----- INPUT
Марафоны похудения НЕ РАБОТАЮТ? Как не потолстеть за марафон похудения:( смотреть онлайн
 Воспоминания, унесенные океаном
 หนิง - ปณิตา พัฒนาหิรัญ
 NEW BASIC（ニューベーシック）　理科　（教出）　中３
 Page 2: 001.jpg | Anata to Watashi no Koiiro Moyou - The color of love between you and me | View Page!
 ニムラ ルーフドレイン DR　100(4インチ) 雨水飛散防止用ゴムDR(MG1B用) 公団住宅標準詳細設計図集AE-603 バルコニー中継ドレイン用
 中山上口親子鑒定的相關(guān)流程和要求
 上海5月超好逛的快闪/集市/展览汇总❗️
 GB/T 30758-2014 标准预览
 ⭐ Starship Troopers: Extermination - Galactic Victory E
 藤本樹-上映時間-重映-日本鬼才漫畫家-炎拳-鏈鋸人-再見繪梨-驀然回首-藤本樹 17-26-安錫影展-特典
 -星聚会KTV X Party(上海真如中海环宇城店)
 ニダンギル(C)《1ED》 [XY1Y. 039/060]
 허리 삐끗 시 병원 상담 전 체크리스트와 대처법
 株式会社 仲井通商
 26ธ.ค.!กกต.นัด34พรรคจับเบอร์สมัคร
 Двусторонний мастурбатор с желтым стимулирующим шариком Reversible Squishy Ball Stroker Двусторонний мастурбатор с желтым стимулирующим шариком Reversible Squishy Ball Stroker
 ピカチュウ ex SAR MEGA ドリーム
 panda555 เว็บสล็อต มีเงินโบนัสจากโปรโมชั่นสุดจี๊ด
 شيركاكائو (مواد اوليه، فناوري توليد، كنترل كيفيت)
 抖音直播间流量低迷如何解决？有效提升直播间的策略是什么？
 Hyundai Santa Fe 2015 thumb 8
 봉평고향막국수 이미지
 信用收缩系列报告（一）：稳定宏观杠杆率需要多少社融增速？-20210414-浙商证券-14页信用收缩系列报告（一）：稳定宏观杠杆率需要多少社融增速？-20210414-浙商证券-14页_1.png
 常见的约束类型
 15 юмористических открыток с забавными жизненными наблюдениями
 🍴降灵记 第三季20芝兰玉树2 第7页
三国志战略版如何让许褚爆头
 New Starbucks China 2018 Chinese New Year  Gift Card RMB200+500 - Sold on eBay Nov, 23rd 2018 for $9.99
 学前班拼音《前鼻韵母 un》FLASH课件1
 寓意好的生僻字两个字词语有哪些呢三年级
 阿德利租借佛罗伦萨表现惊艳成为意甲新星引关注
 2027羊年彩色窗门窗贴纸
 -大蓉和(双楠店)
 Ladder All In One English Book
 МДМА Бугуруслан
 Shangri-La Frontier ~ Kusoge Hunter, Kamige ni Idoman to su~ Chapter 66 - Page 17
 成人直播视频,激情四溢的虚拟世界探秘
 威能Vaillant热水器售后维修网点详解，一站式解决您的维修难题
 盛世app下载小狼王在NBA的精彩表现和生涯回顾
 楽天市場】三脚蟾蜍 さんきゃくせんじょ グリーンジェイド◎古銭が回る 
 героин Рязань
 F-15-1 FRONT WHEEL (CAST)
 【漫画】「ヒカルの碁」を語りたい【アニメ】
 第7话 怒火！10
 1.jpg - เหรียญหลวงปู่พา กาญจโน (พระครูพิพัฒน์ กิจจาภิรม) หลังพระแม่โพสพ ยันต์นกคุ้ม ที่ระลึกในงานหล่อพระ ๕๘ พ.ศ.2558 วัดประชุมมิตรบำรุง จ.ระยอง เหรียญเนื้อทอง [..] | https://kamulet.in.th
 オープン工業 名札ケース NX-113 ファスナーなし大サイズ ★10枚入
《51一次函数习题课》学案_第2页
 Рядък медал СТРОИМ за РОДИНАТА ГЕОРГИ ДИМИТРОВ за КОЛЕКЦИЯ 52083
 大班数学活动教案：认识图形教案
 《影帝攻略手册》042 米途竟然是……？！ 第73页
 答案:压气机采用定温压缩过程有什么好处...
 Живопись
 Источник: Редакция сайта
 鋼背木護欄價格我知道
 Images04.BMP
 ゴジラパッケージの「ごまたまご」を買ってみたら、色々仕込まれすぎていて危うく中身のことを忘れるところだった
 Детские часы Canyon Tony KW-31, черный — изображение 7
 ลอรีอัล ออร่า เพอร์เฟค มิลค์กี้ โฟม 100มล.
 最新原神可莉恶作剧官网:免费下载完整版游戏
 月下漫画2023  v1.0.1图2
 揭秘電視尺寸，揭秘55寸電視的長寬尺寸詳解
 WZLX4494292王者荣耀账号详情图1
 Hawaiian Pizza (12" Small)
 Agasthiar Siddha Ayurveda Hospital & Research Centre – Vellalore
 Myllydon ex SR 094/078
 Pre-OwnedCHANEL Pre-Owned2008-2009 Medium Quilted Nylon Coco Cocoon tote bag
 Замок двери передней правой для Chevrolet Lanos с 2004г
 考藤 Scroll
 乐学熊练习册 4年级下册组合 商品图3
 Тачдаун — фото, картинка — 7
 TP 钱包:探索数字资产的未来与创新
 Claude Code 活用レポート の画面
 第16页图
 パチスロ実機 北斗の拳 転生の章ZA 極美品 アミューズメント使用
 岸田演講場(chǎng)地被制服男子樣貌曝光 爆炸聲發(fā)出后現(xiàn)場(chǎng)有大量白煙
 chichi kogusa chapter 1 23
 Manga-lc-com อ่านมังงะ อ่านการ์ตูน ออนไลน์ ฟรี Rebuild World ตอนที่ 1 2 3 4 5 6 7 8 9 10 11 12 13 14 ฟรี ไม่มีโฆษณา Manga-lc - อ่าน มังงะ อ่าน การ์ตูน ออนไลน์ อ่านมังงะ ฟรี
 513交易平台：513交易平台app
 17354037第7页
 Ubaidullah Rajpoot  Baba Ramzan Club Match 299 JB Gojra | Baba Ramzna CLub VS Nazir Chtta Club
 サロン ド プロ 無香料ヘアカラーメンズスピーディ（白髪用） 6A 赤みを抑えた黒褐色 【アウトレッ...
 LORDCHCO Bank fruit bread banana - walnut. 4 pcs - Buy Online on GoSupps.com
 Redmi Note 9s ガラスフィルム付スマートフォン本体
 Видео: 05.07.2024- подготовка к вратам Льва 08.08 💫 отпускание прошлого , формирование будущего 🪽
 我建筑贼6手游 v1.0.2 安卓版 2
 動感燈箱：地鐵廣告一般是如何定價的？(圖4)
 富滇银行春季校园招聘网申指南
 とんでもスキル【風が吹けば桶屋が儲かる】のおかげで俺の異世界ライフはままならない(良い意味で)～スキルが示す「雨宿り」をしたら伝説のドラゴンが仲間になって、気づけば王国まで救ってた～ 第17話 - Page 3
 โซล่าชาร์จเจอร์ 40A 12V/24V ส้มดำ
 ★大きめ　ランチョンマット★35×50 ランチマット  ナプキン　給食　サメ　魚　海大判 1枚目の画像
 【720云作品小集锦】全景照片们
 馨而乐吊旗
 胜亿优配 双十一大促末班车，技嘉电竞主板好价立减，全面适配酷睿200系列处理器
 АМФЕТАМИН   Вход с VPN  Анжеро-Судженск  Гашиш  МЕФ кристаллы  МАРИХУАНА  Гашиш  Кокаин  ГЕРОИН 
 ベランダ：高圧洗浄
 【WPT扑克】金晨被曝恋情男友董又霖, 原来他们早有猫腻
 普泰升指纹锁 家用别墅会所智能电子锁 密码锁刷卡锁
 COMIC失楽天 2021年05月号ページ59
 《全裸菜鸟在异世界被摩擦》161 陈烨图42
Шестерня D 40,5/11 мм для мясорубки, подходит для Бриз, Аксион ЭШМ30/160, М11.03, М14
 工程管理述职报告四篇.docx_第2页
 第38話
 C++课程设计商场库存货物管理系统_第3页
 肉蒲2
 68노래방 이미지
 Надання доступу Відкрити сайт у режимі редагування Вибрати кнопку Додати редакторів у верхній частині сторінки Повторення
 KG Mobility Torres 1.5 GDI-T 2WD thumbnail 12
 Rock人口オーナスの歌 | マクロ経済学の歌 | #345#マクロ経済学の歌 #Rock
----------
__INSTRUCTIONS FOR THE TASK__
List the lines of the records where "Page" occurs.

__OUTPUT OF THE TASK__
 Page 2: 001.jpg | Anata to Watashi no Koiiro Moyou - The color of love between you and me | View Page!
 Shangri-La Frontier ~ Kusoge Hunter, Kamige ni Idoman to su~ Chapter 66 - Page 17
 とんでもスキル【風が吹けば桶屋が儲かる】のおかげで俺の異世界ライフはままならない(良い意味で)～スキルが示す「雨宿り」をしたら伝説のドラゴンが仲間になって、気づけば王国まで救ってた～ 第17話 - Page 3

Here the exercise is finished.